Resist the temptation to control all of your children’s learning. Allowing for unstructured play, encouraging role-play and introducing your child to new faces all lead to natural development of confidence and imagination. Playing outside, investigating in the garden and splashing in puddles, paves the way for building the grit and resilience they will need to succeed in later-life. Discovering and exploring new materials and textures like mud, water and sand helps children to develop their motor skills; which will help them learn to write. Creativity is natural in children so avoid supressing it with prescribed learning.

The jury is very much out when it comes to “professional” support for pre-schoolers. We suggest a careful, pragmatic and blended approach. Nurseries are generally local, affordable and provide a great environment for children to progress. Interacting with older and younger peer groups improves social skills and valuable language development.

 

Deciding between full or half day nursery comes down to your own family’s needs. Attending nursery in the morning combined with one-to-one learning in the afternoon is a good balance. However, morning-only places are more competitive. If English is not your child’s first language, we would highly recommend full day nursery.  Exposure to English is one of the most important phases of preparing them for them for the British Education system.

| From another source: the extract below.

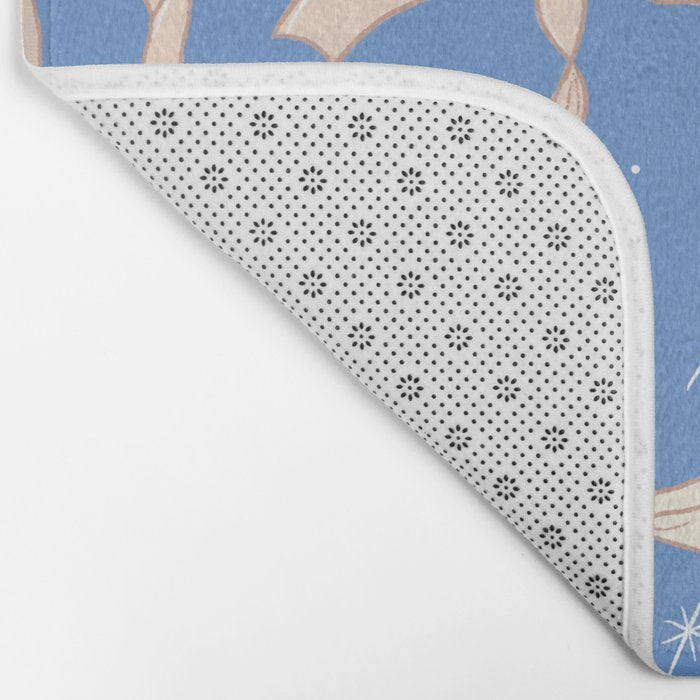 Cream Festive Bows On Blue Bath Mat Gallery Image 2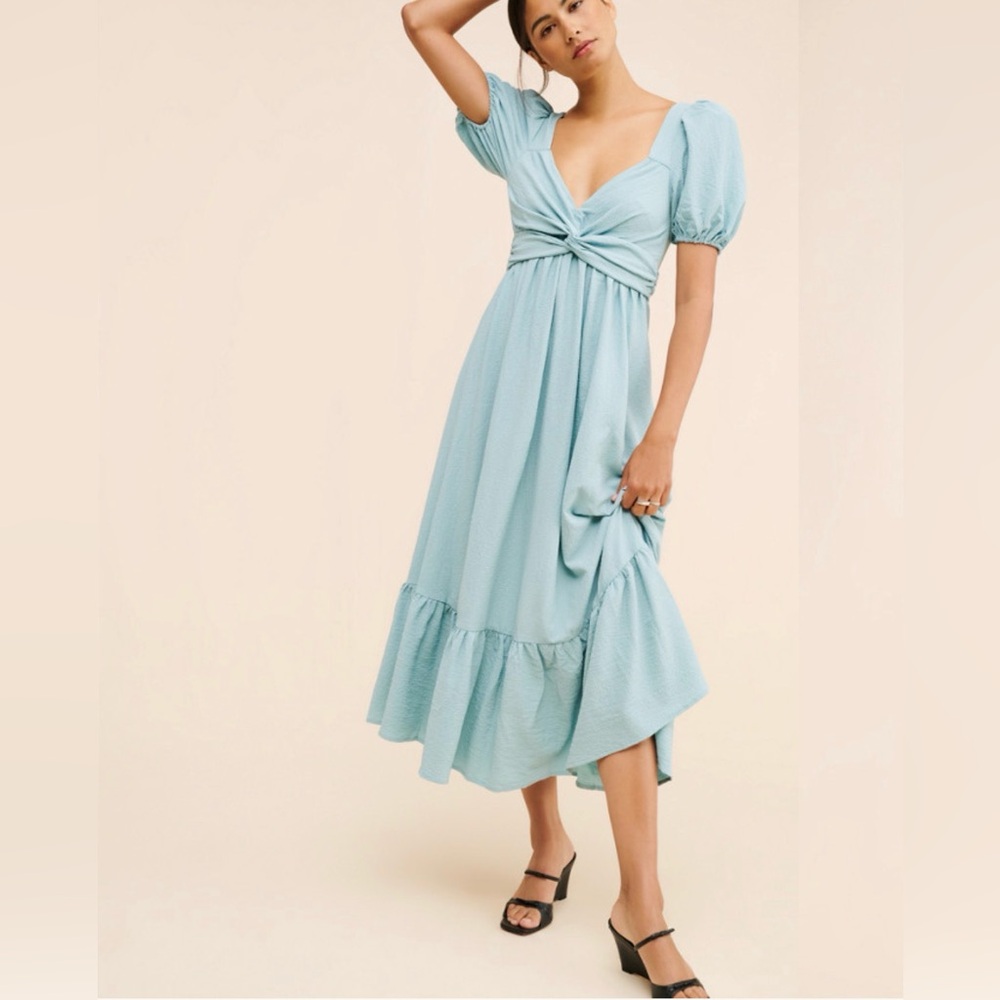 ASTR the Label Twist Back Tie Midi Light Blue Teal Romantic Dress - Medium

Employing a nanny or joining a play group are alternatives to nursery. Although both are good childcare options, neither is likely to provide specialist educators. If you are preparing your son or daughter for school entrance assessments or if your child is particularly bright and you feel they need some stimulation beyond what their play school can offer, then a professional tutor may be useful. Pre-school tuition is fun and informal. It focuses on unlocking children’s potential. Tutors can help parents and nannies by providing an expert approach to learning and development focused on the best methods for the age and development of the child.

“Tutoring young children is about unlocking a child’s potential and building their confidence. Whether with Play-Doh or toy trains, I use play to unleash creativity but also make sure I am constantly talking and engaging with a child in a productive and positive way,” says Amy Hydes.